It seems that vcvtps2ph only is implemented for vector length 4, 8, 16 on x64. Not sure about aarch64 or other platforms.
https://www.felixcloutier.com/x86/vcvtps2ph
But in the example below, we see that we still vectorize a 2-element vector with Float.floatToFloat16 / VectorCastF2HF / vcvtps2ph. It looks like it just generates a 4-element vcvtps2ph, which then stores 8 bytes instead of the desired 4 bytes. The 4 lower bytes have the correct values, but the upper 4 bytes are all zero. The vcvtps2ph operation stores directly to memory, meaning it overwrites 4 bytes with zero - this produces the wrong results.
Reproduces the bug:
java -Xint Test2b.java
But not in interpreter or without SuperWord:
java -Xint Test2b.java
java -XX:-UseSuperWord Test2b.java
More info in this run:
java -XX:CompileCommand=printcompilation,Test2b::test -XX:CompileCommand=compileonly,Test2b::test -Xbatch -XX:+TraceNewVectors Test2b.java
Result:
Exception in thread "main" java.lang.RuntimeException: errors: 480
at Test2b.main(Test2b.java:30)
I can reproduce these wrong results in these versions: JDK24-JDK21.
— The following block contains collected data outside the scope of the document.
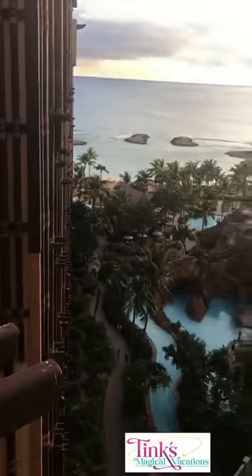Let me take you out to our balcony. We're in the Ewa Tower and we have a full balcony. We overlook the pool area, and because this is a one-bedroom, the balcony is full and as you go in it leads into the master bedroom area.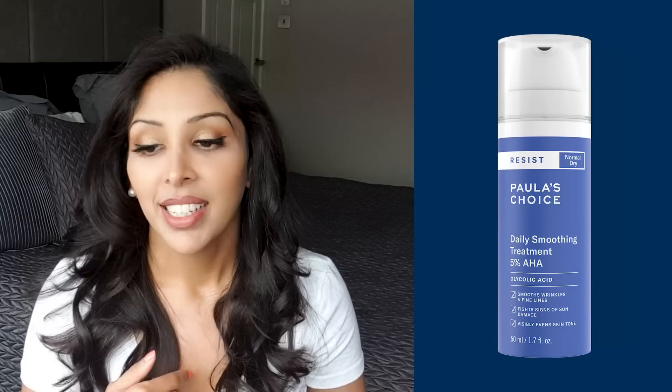In the evening, cleanse again with your Resist Anti-Aging Hydrating Cleanser, then tone using the same Resist Replenishing Toner. Then chemical exfoliation — you're going to use the 5% AHA Glycolic Daily Smoothing Treatment. I would say up to 5% is fine for glycolic acid — this may well be the first glycolic acid product I've recommended. I do like that it's reef-safe with no denatured alcohol, no fragrance, no essential oils, and it's 5%, so I'm happy with that.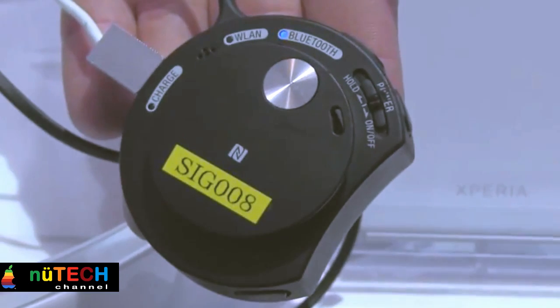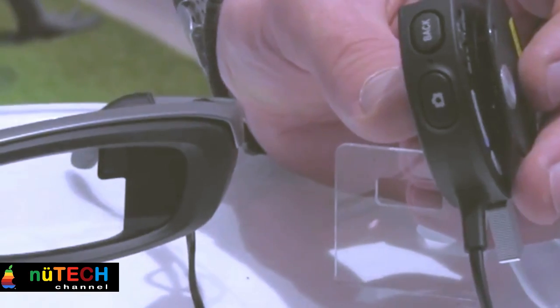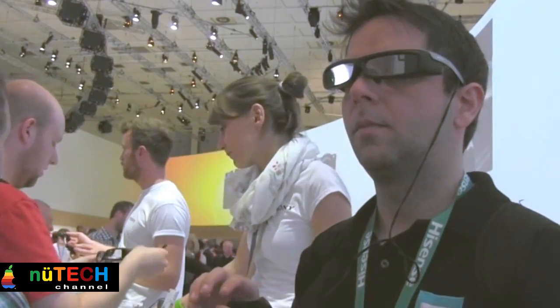With a wired hand-held controller you can navigate in the user interface and control the camera that's integrated in the Smart Eyeglass prototype. With a binocular see-through eyewear display, the Smart Eyeglass prototype presents information at a distance from your eyes, which gives a comfortable viewing experience.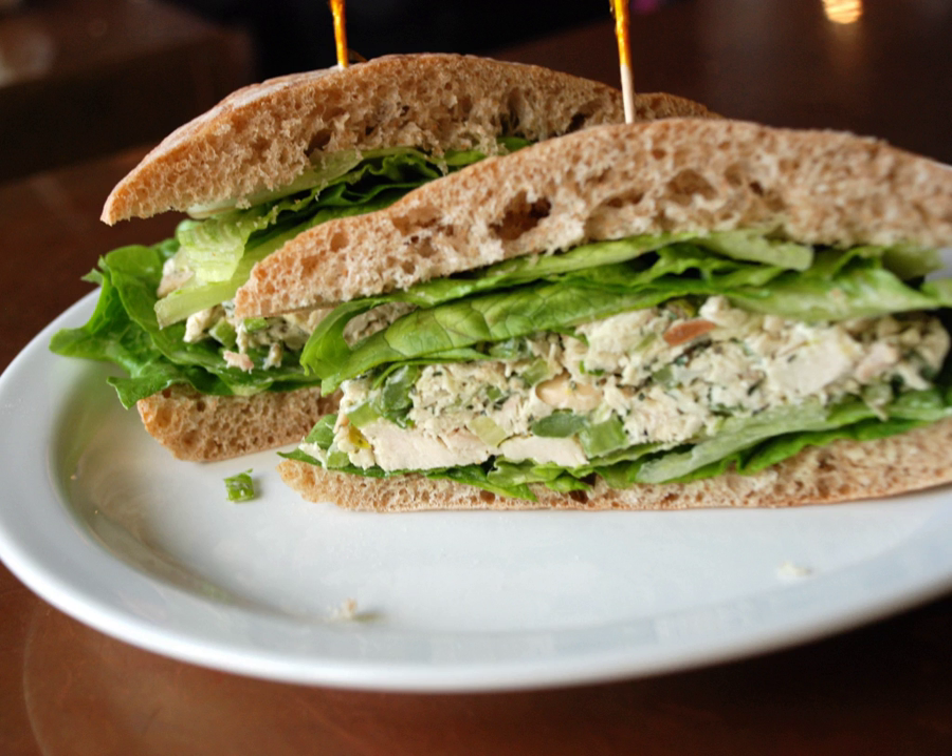In North America, a chicken sandwich is a sandwich which typically consists of a boneless, skinless breast of chicken served between slices of bread, on a bun, or on a roll. Variations of what North Americans consider a 'chicken sandwich' include the chicken burger or chicken on a bun, hot chicken, and chicken salad sandwich.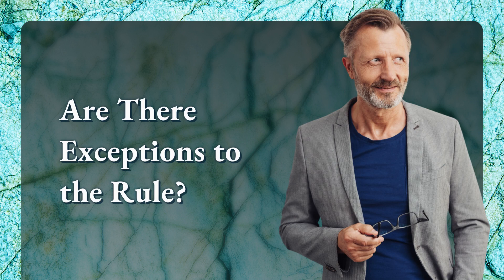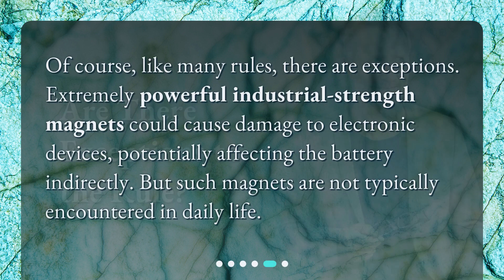Are there exceptions to the rule? Of course, like many rules, there are exceptions. Extremely powerful industrial-strength magnets could cause damage to electronic devices, potentially affecting the battery indirectly. But such magnets are not typically encountered in daily life.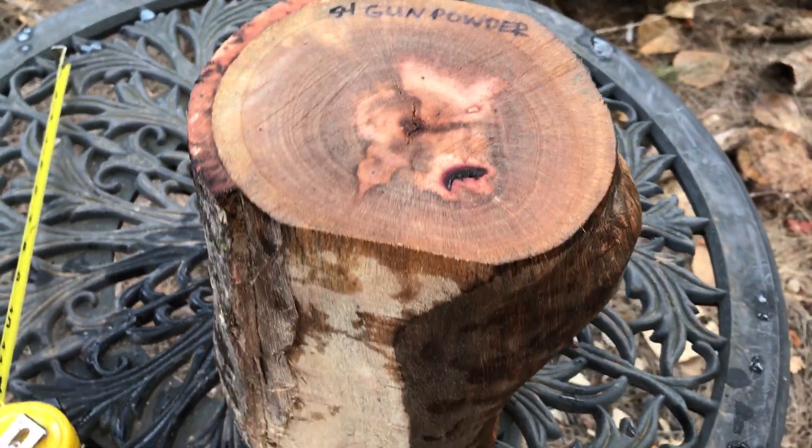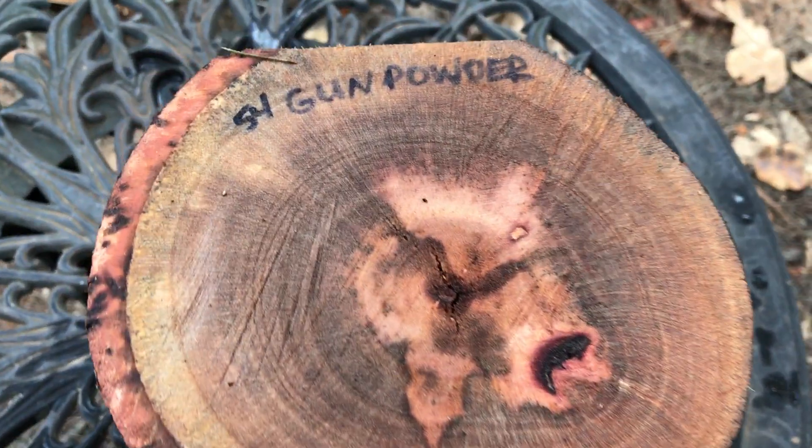And here's the other side. There you go, everybody. So that's going to be auction number 54 — this very nice gunpowder log. Thanks for looking, everyone, and good luck.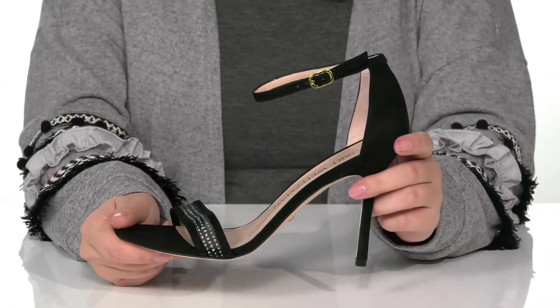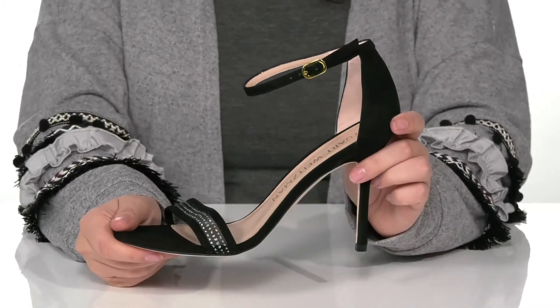These do have a heel that's going to give you a small boost in height, and I think these would pair so well with a red fitted dress.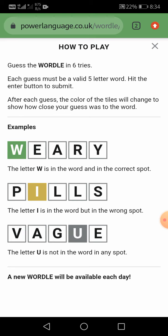Examples. The letter W is in the word and in the correct spot. The letter I is in the word but in the wrong spot. The letter U is not in the word in any spot.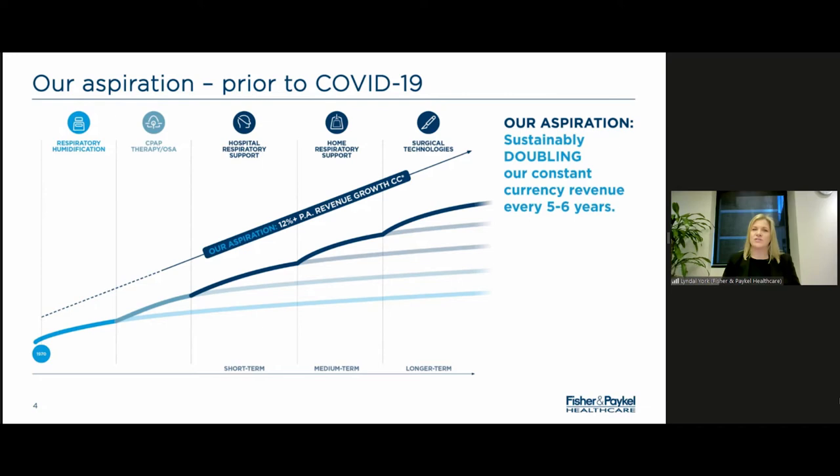Around the late 90s we moved into obstructive sleep apnea, and that really drove growth over the following decades. When we're in that sweet spot of changing clinical practice and building strong momentum, that's the key growth driver of the business — but previous areas continue to grow alongside. In the last decade or so, the primary driver has been hospital respiratory support and the nasal high flow part of our business, and that's roughly where we are now.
It looks like a regression of JDK-8289552, which was introduced in JDK20.
https://github.com/openjdk/jdk/commit/07946aa49c97c93bd11675a9b0b90d07c83f2a94
https://git.openjdk.org/jdk/pull/9781
You have to assess if this only applies to x64, or also to aarch64 or even risc_v. They all implement VectorCastF2HF.